Canadian Design Firm Ivy Studio Is Revolutionizing Contract Interiors

Part of Metropolis’s Specify Hot List 2021, this Montreal-based firm specializes in custom work for stylish clients.

To glimpse the future of coworking spaces, take a look at Spacial, a Canadian office-sharing firm not unlike America’s WeWork. Montreal-based Ivy Studio Office of Architecture designed its inaugural location to update the typology with a fresh approach to finishes, furnishings, and the specifying process in general. “Our philosophy is to do as much custom work as possible,” principal Philip Staszewski says. That also happens to be part of the firm’s sustainability strategy: using local craftspeople whenever possible.

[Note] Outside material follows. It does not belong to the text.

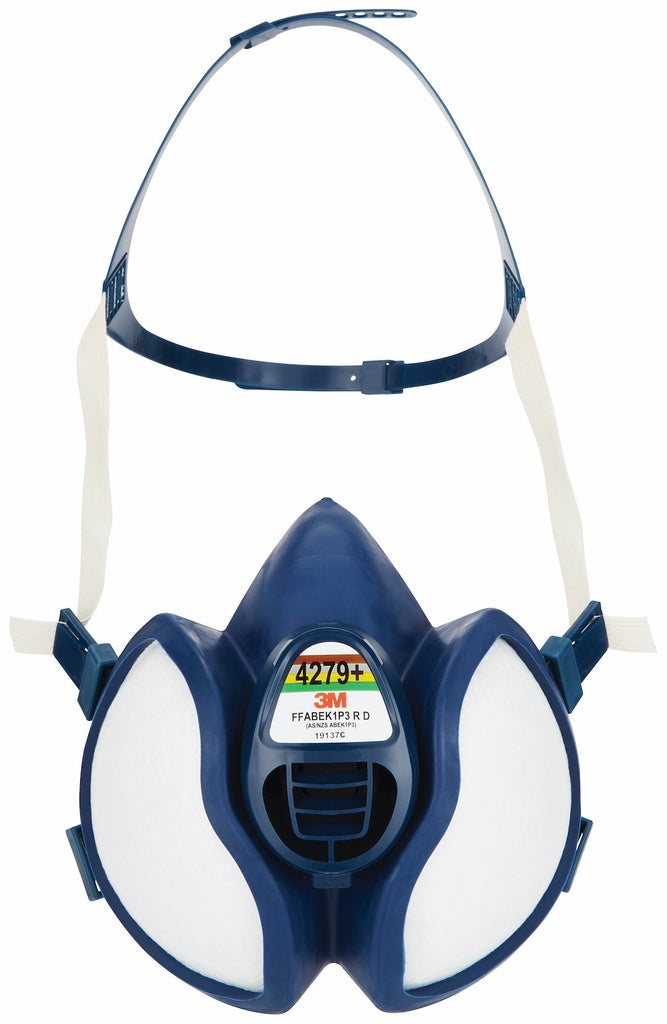 ÅNDEDRÆTSVÆRN 3M ABEKP3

“For furniture or finishes, we always try to find a local company,” Staszewski explains. “This gives us more control over the final result and avoids excessive importation of products.” Plus, custom work is a crowd-pleaser. “You might see a beautiful chair in one place but if you see it somewhere else, it takes away from the experience.” 

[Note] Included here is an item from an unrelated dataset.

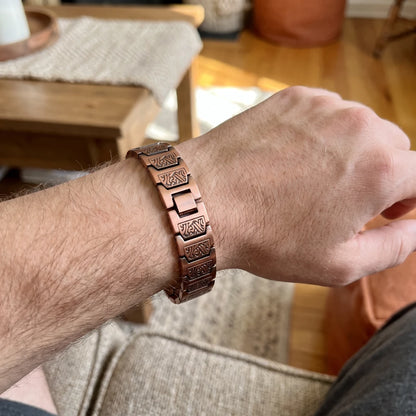 PuroCopper Vitality Bracelet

Like the young workforce associated with the coworking concept, Ivy’s partners (Staszewski, Guillaume Riel, David Kirouac, and Gabrielle Rousseau) are inspired by their shared value systems.

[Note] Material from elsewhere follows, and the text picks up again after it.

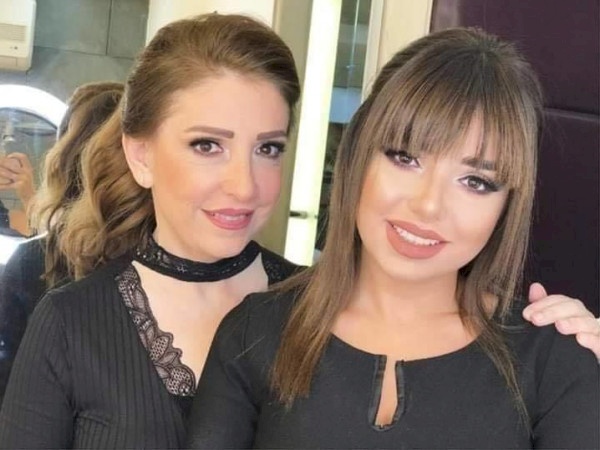 ابنة الفنانة السورية وفاء موصللي تتعرض لحادث سير مروع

“We’re just a group of four friends working together and having fun designing,” says Riel of himself and his young partners. That doesn’t mean they lack experience: The studio’s impressive list of commercial work includes offices, restaurants, and even barbershops. 

Office Interior
When designing a space for a Montreal-based machine fabricator, Ivy Studio Office of Architecture was inspired by its client’s core product, metal extrusions. COURTESY © ALEX LESAGE

And the team has become expert in finding ways to further clients’ business objectives, or “propelling brands forward,” as Staszewski puts it. For example, Vention, a Montreal-based machine fabricator, needed a new headquarters that reflected its core business, metal extrusions. “We were extremely intrigued by the client’s product,” Staszewski says. For barbershop Crisp Saint-Henri, “the client didn’t want a classic barbershop, but something more minimalist,” Staszewski recalls. “He had taken a trip to Japan and loved everything he saw there.”

For Spacial, the coworking office, the brief was to insert a 9,000-square-foot office interior in a former industrial space along the lines of a Manhattan loft. “The three big conference rooms and the common areas are very generous,” Staszewski says. “In fact, it’s patterned after the idea of working in a café.”

Ultimately, a spirit of teamwork makes the firm work. “We were close friends at Laval University in Quebec City, doing class projects together,” said Staszewski. “We still have the energy and ambition we had in school.”